Hello authors, thank you for your excellent work. When I use the command 'ns-train neus-facto --pipeline.model.sdf-field.inside-outside False --pipeline.model.sdf-field.encoding-type periodic --vis wandb --experiment-name neus- facto-periodic-scan40 sdfstudio-data --data data/dtu/scan40', that is, when I changed this encoding-type to periodic and tensorf_vm, the code reported an error.
Traceback (most recent call last):
File "/home/dell/.conda/envs/sdfstudio/bin/ns-train", line 8, in
sys.exit(entrypoint())
File "/data/WJH/sdfstudio/scripts/train.py", line 250, in entrypoint
main(
File "/data/WJH/sdfstudio/scripts/train.py", line 236, in main
launch(
File "/data/WJH/sdfstudio/scripts/train.py", line 175, in launch
main_func(local_rank=0, world_size=world_size, config=config)

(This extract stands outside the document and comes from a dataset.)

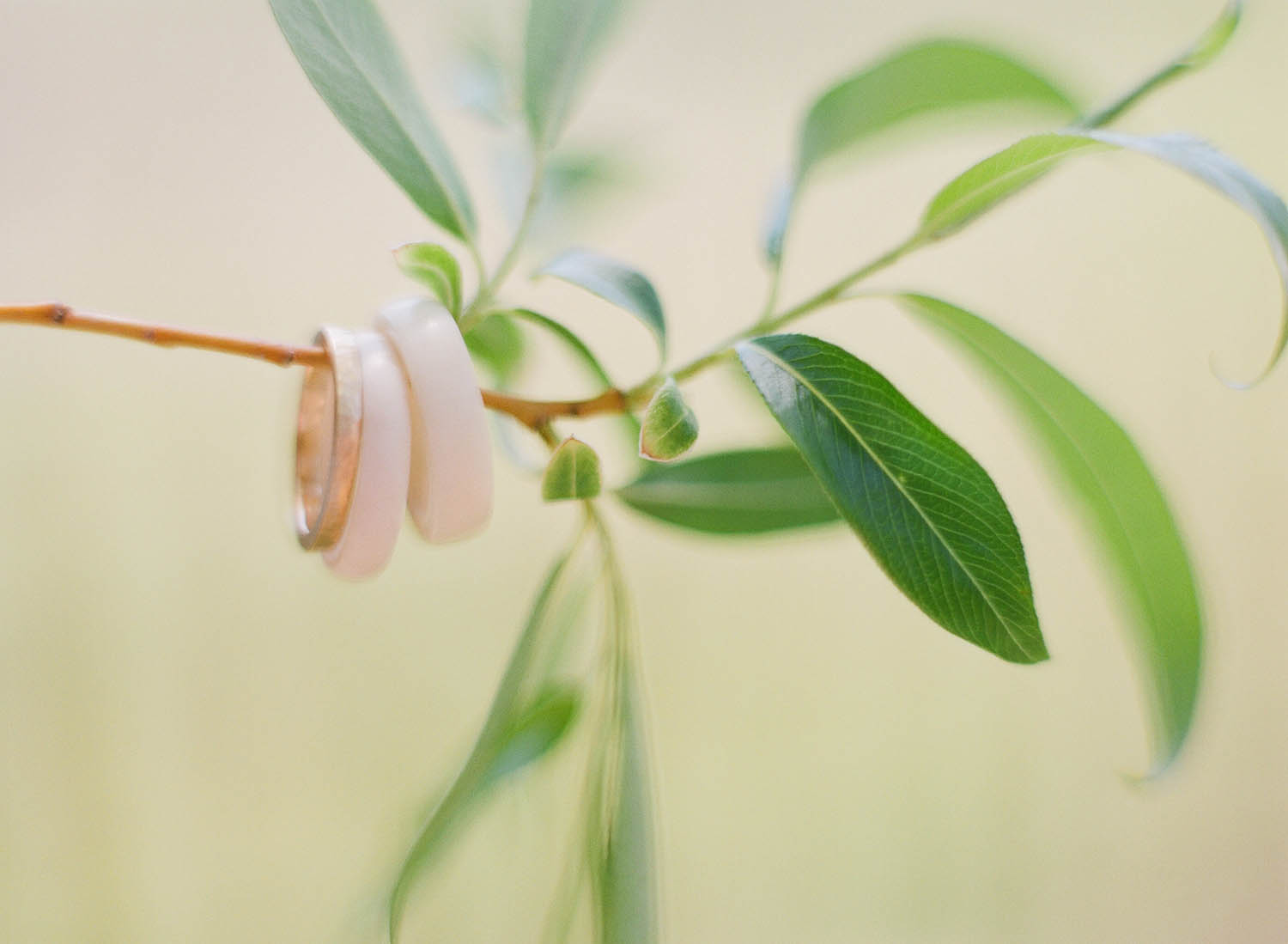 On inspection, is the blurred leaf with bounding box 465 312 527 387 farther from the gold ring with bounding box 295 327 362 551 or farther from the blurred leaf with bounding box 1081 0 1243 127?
the blurred leaf with bounding box 1081 0 1243 127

File "/data/WJH/sdfstudio/scripts/train.py", line 90, in train_loop
trainer.train()
File "/data/WJH/sdfstudio/nerfstudio/engine/trainer.py", line 151, in train
loss, loss_dict, metrics_dict = self.train_iteration(step)

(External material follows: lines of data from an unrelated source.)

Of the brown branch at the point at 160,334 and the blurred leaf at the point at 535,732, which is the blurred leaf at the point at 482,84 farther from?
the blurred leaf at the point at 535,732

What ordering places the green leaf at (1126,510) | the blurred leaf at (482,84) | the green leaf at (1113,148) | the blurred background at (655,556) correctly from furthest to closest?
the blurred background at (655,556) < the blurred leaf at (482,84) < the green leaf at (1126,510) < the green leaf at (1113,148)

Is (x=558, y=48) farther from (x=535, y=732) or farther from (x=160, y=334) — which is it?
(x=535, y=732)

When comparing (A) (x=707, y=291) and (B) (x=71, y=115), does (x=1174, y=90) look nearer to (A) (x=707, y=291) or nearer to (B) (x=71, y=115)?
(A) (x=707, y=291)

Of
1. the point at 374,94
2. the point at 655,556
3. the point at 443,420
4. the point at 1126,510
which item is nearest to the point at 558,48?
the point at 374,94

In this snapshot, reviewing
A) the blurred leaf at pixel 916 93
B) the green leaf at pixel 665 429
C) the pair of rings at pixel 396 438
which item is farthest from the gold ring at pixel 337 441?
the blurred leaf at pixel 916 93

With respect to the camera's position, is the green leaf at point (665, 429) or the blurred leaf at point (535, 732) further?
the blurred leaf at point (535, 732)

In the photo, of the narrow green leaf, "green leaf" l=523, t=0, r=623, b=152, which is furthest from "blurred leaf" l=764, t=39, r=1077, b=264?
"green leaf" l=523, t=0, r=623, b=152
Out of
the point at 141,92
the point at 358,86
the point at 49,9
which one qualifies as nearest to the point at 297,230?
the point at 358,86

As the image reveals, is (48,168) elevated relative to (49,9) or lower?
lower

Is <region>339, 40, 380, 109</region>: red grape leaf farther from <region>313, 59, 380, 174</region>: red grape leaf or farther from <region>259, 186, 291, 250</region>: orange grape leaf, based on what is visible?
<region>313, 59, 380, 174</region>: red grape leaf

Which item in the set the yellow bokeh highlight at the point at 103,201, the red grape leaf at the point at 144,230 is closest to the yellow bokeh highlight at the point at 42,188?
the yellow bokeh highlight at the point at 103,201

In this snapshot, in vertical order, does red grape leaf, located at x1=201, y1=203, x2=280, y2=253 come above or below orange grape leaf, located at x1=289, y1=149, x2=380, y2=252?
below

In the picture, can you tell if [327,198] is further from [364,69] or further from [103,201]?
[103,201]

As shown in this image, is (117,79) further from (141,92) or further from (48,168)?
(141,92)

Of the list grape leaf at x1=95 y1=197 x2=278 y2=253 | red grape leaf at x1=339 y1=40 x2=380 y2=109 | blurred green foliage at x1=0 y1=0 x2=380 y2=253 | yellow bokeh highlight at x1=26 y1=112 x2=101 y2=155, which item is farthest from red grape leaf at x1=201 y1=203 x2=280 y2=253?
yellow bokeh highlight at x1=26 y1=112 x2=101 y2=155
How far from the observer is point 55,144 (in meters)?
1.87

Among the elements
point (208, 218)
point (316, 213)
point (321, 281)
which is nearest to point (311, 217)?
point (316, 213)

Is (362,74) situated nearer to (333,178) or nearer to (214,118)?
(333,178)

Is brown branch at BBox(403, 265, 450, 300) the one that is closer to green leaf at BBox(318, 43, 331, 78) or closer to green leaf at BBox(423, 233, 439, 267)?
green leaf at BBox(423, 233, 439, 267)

File "/data/WJH/sdfstudio/nerfstudio/utils/profiler.py", line 43, in wrapper
ret = func(*args, **kwargs)
File "/data/WJH/sdfstudio/nerfstudio/engine/trainer.py", line 319, in train_iteration
_, loss_dict, metrics_dict = self.pipeline.get_train_loss_dict(step=step)
File "/data/WJH/sdfstudio/nerfstudio/utils/profiler.py", line 43, in wrapper
ret = func(*args, **kwargs)
File "/data/WJH/sdfstudio/nerfstudio/pipelines/base_pipeline.py", line 260, in get_train_loss_dict
model_outputs = self._model(ray_bundle)
File "/home/dell/.conda/envs/sdfstudio/lib/python3.8/site-packages/torch/nn/modules/module.py", line 1130, in _call_impl
return forward_call(*input, **kwargs)
File "/data/WJH/sdfstudio/nerfstudio/models/base_model.py", line 142, in forward
return self.get_outputs(ray_bundle)
File "/data/WJH/sdfstudio/nerfstudio/models/base_surface_model.py", line 293, in get_outputs
samples_and_field_outputs = self.sample_and_forward_field(ray_bundle=ray_bundle)
File "/data/WJH/sdfstudio/nerfstudio/models/neus_facto.py", line 285, in sample_and_forward_field
field_outputs = self.field(ray_samples, return_alphas=True)
File "/home/dell/.conda/envs/sdfstudio/lib/python3.8/site-packages/torch/nn/modules/module.py", line 1130, in _call_impl
return forward_call(*input, **kwargs)
File "/data/WJH/sdfstudio/nerfstudio/fields/sdf_field.py", line 697, in forward
field_outputs = self.get_outputs(ray_samples, return_alphas=return_alphas, return_occupancy=return_occupancy)
File "/data/WJH/sdfstudio/nerfstudio/fields/sdf_field.py", line 635, in get_outputs
h = self.forward_geonetwork(inputs)
File "/data/WJH/sdfstudio/nerfstudio/fields/sdf_field.py", line 388, in forward_geonetwork
feature = feature * self.hash_encoding_mask.to(feature.device)
File "/home/dell/.conda/envs/sdfstudio/lib/python3.8/site-packages/torch/nn/modules/module.py", line 1207, in getattr
raise AttributeError("'{}' object has no attribute '{}'".format(
AttributeError: 'SDFField' object has no attribute 'hash_encoding_mask'
OK, thanks for reporting this, the coarse to fine strategy that the mask is used for is not tested properly for other encodings.
OK, thanks for reporting this, the coarse to fine strategy that the mask is used for is not tested properly for other encodings.
So how can I use other encodings?This means that only a small number of models are suitable for other encoding methods, right?For example volsdf, neus?Looking forward to your reply.